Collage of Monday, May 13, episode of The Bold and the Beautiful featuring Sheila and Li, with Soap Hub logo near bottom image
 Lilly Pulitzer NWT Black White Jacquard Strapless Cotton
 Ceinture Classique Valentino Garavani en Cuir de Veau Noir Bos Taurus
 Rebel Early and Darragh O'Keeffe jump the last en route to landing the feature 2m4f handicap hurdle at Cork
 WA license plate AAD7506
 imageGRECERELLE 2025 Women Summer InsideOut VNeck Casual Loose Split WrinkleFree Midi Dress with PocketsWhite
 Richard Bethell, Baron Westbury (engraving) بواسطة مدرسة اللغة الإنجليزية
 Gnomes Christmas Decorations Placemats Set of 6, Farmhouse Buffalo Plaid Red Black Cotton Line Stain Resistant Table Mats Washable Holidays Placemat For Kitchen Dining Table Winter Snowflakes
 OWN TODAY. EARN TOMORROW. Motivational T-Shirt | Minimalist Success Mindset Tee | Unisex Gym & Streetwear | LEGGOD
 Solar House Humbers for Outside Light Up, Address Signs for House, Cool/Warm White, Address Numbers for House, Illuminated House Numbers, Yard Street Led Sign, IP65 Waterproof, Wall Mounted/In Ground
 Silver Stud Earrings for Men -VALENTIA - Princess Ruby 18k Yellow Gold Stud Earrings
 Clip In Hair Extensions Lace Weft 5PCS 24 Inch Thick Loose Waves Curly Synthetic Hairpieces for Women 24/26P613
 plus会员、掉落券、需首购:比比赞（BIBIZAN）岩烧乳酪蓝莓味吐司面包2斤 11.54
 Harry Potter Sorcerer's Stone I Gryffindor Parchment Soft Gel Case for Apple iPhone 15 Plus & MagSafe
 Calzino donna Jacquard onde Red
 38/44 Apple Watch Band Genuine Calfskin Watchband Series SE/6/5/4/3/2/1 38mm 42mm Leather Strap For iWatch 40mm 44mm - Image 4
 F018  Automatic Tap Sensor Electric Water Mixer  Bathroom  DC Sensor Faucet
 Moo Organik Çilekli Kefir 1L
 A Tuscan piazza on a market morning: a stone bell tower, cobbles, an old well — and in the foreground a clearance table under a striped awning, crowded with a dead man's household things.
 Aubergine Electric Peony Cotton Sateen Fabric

▸ Assigned task
Which of the lines above mention the word "Loose"? Pull those lines out.

▸ Output below
 imageGRECERELLE 2025 Women Summer InsideOut VNeck Casual Loose Split WrinkleFree Midi Dress with PocketsWhite
 Clip In Hair Extensions Lace Weft 5PCS 24 Inch Thick Loose Waves Curly Synthetic Hairpieces for Women 24/26P613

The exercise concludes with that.